I like that very much: "If the accident will"
--Vonnegut and his friend talking about WWII and his friends wife chiming in--
Then she turned to me, let me see how angry she was, and that the anger was for me. She had been talking to herself, so what she said was a fragment of a much larger conversation. "You were just babies then!" she said.
"What?" I said.
"You were just babies in the war-like the ones upstairs!"
I nodded that this was true. We had been foolish virgins in the war, right at the end of childhood.
"But you're not going to write it that way, are you."
This wasn't a question. It was an accusation.
"I-I don't know," I said.
"Well, I know," she said. "you'll pretend you were men instead of babies, and you'll be played in the movies by Frank Sinatra and John Wayne or some of those other glamorous, war-loving, dirty old men. And war will look just wonderful, so we'll have a lot more of them. And they'll be fought by babies like the babies upstairs."
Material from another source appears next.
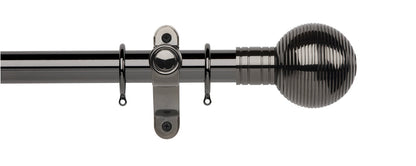 Metals Ribbed Ball::Black Nickel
So then I understood. It was the war that made her so angry. She didn't want her babies or anybody else's babies killed in wars. And she thought wars were partly encouraged by books and movies.
So I held up my right hand and I made her a promise: "Mary," isaid, "I don't think this book of mine is ever going to be finished. I must have written five thousand pages by now, and thrown them all away. If I ever do finish it, though, I give you my word of honor: there won't be a part for Frank Sinatra or John Wayne.
"I tell you waht," I said, " I'll call it 'The Children's Crusade.'"
She was my friend after that.
Last one.
It was The Gospel from Outer Space, by Kilgore Trout. It was about a visitor from outer space, shaped very much like a Tralfamadorian, by the way. The visitor from outer space made a serious study of Christianity, to learn, if he could, why Christians found it so easy to be cruel. He concluded that at least part of the trouble was slipshod storytelling in the New Testament. He supposed that the intent of the Gospels was to teach people, among other things, to be merciful, even to the lowest of the low.
But the Gospels actually tought this:
Before you kill somebody, make absolutely sure he isn't well connected. So it goes.
The flaw in the Christ stories, said the visitor from outer space, was that Christ, who didn't look like much, was actually the Song of the Most Powerful Being in the Universe. Readers understood that, so, when they came to the crucifixion, they naturally thought, and Rosewater read ou loud again:
Oh, boy-they sure picked the wrong guy to lynch that time!
And that thought had a brother: "There are right people to lynch." Who? People not well connected. So it goes.
The visitor from outer space made a gift to Earth of a new Gospel. In it, Jesus really was a nobody, and a pain in the neck to a lot of people with better connections tahn he had. He still got to say all the lovely and puzzling things he said in the other Gospels.
So the people amused themselves one day by nailing him to a cross and planting the cross in the ground. There couldn't possibly be an repercussions, the lynchers thought. The reader would have to think that too, since the new Gospel hammered home again and again what a nobody Jesus was. And then, just before the nobody died, the heavens opened up, and there was thunder and lightning. The voice of God came crashing down. He told the people that he was adopting the bum as his son, giving him the full powers and privileges of The Son of the Creator of the Universe throughout all eternity. God said this: From this moment on, He will punish horribly anybody who torments a bum who has no connections!